[Records drawn from a dataset]
────────────────

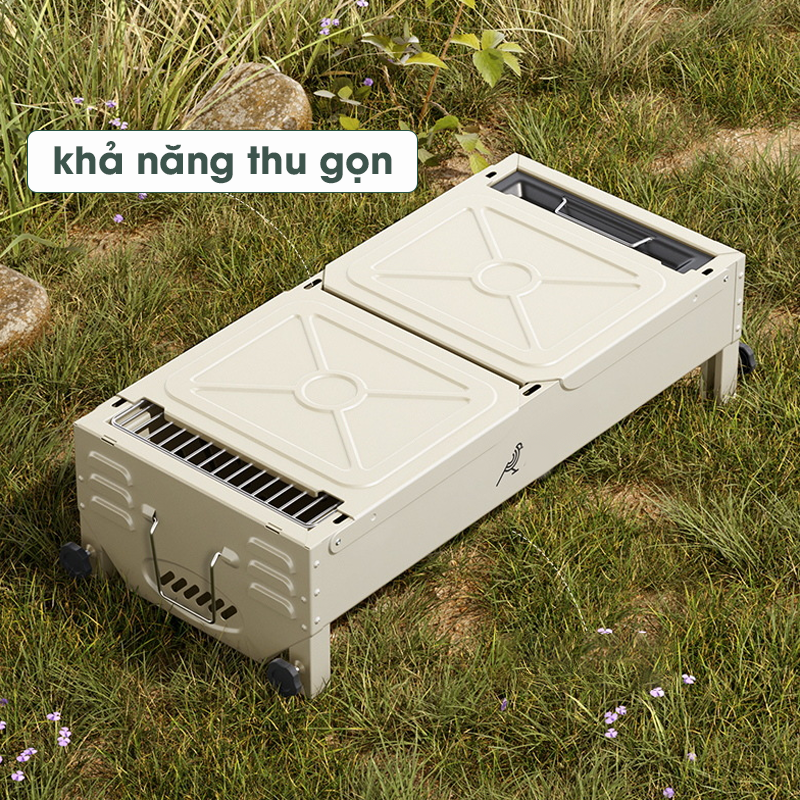 Bếp Nướng Than Hoa Ngoài Trời, Bếp Nướng Dã Ngoại Gấp Gọn - Bếp Than Nướng BBQ Du Lịch Có Quai Xách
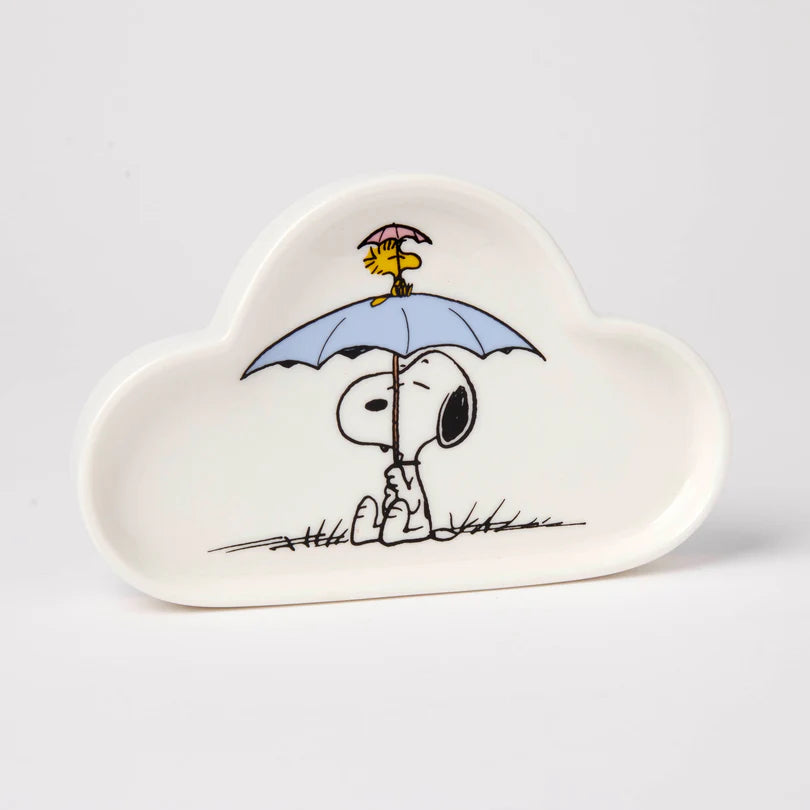 Heart-shaped trinket dish with Snoopy and Woodstock design on a white background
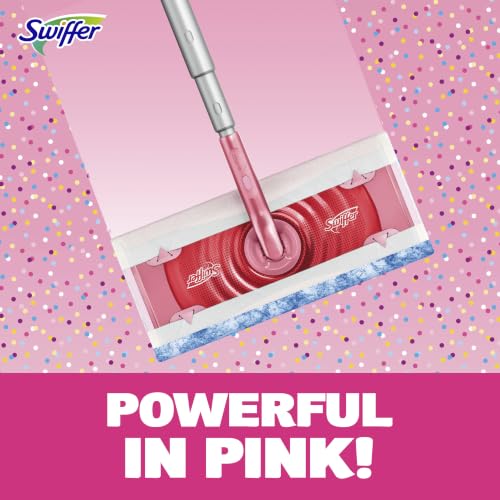 Swiffer Sweep and Mop Deluxe, Limited Edition Pink, 2-in-1 Floor Mopping and Sweeping Kit, Multi-Surface Kit for Floor Cleaning, Includes 1 Sweeper, 5 Heavy Duty Dry Cloths, 3 Heavy Duty Wet Cloths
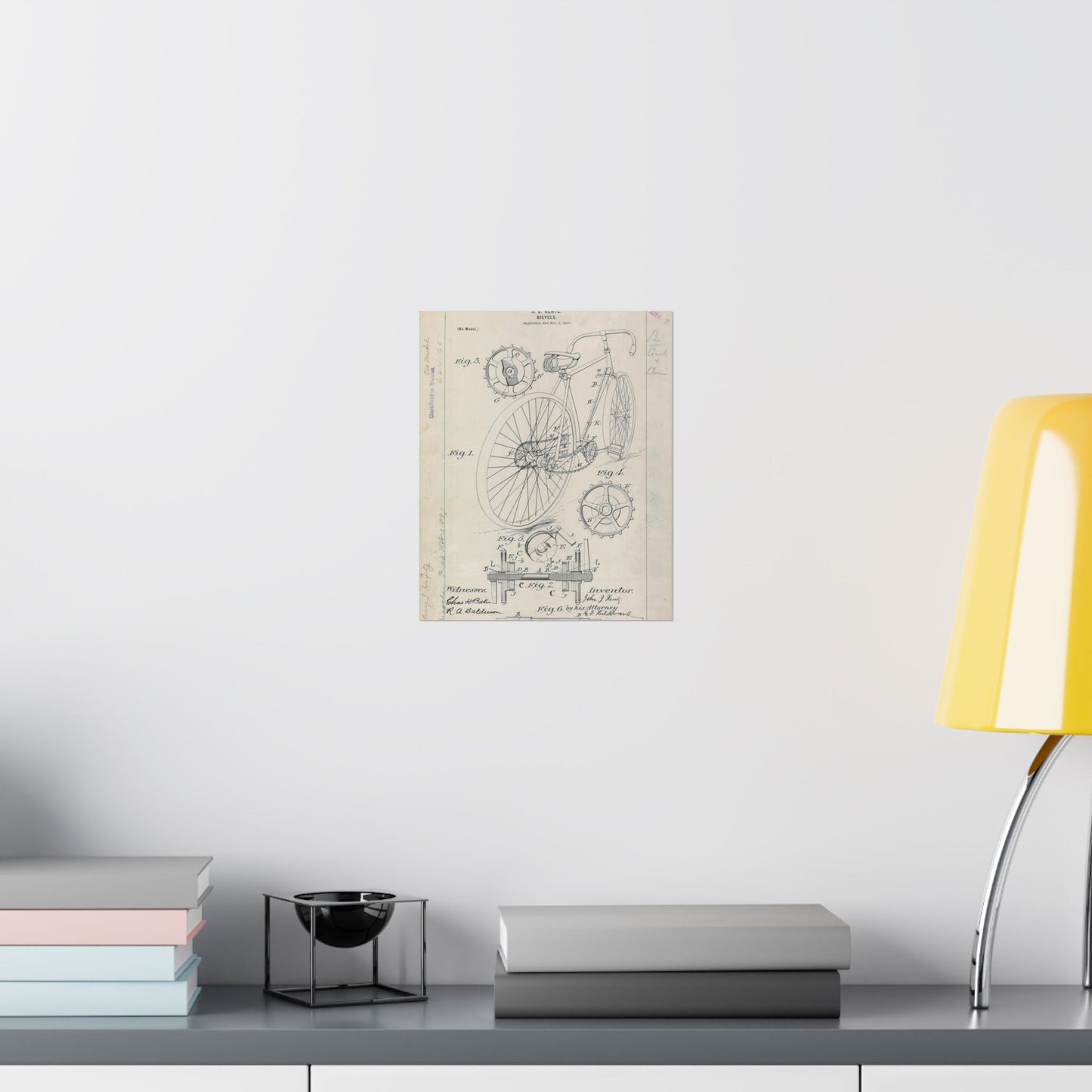Patent drawing - for J. J. Hentz' Bicycle Public domain image High Quality Matte Wall Art Poster for Home, Office, Classroom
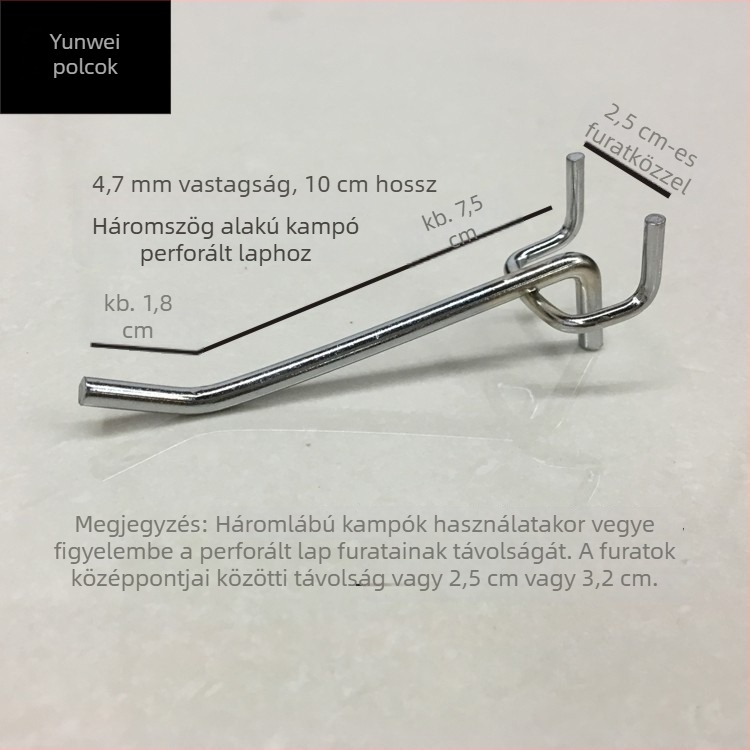 Vasból készült polcfogas perforált panellel, háromágú, elektroplattolt felülettel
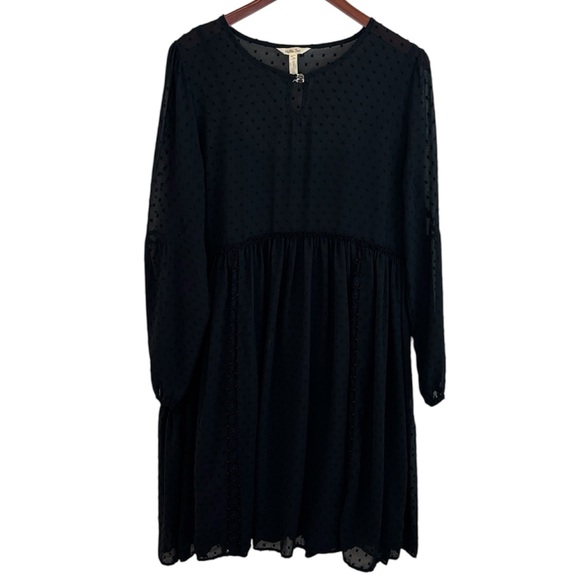 Matilda Jane Women's Dress Medium Nostalgia Charlie Swiss Dot Black Peasant L - Picture 2 of 10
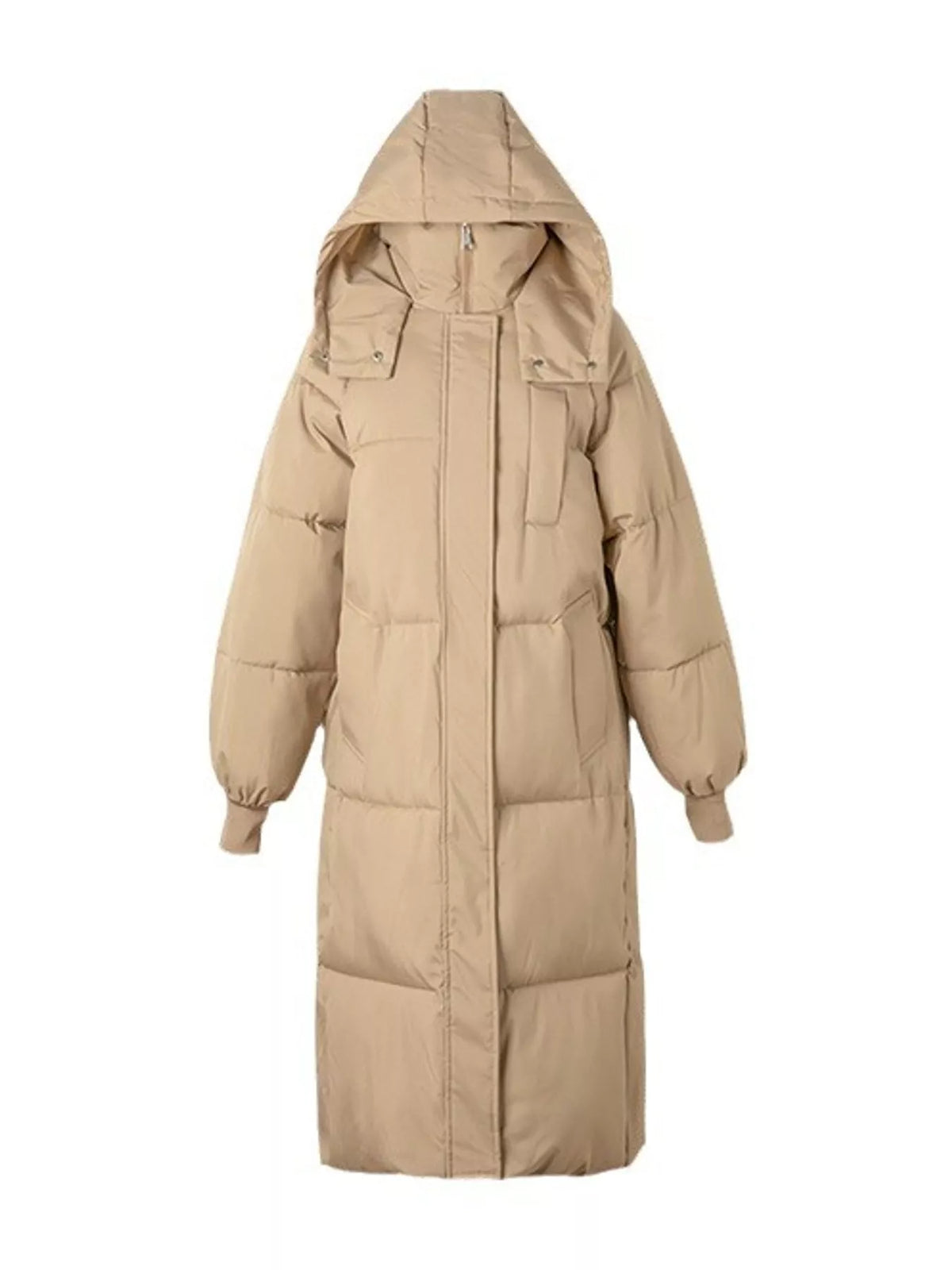 Longline puffer coat, tan flat front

────────────────

■ To do ■
If pictures appear, drop them, and retype exactly the lines from the "Swiffer Sweep and" line through the last line of the data above.

■ Response below ■
 Swiffer Sweep and Mop Deluxe, Limited Edition Pink, 2-in-1 Floor Mopping and Sweeping Kit, Multi-Surface Kit for Floor Cleaning, Includes 1 Sweeper, 5 Heavy Duty Dry Cloths, 3 Heavy Duty Wet Cloths
Patent drawing - for J. J. Hentz' Bicycle Public domain image High Quality Matte Wall Art Poster for Home, Office, Classroom
 Vasból készült polcfogas perforált panellel, háromágú, elektroplattolt felülettel
 Matilda Jane Women's Dress Medium Nostalgia Charlie Swiss Dot Black Peasant L - Picture 2 of 10
 Longline puffer coat, tan flat front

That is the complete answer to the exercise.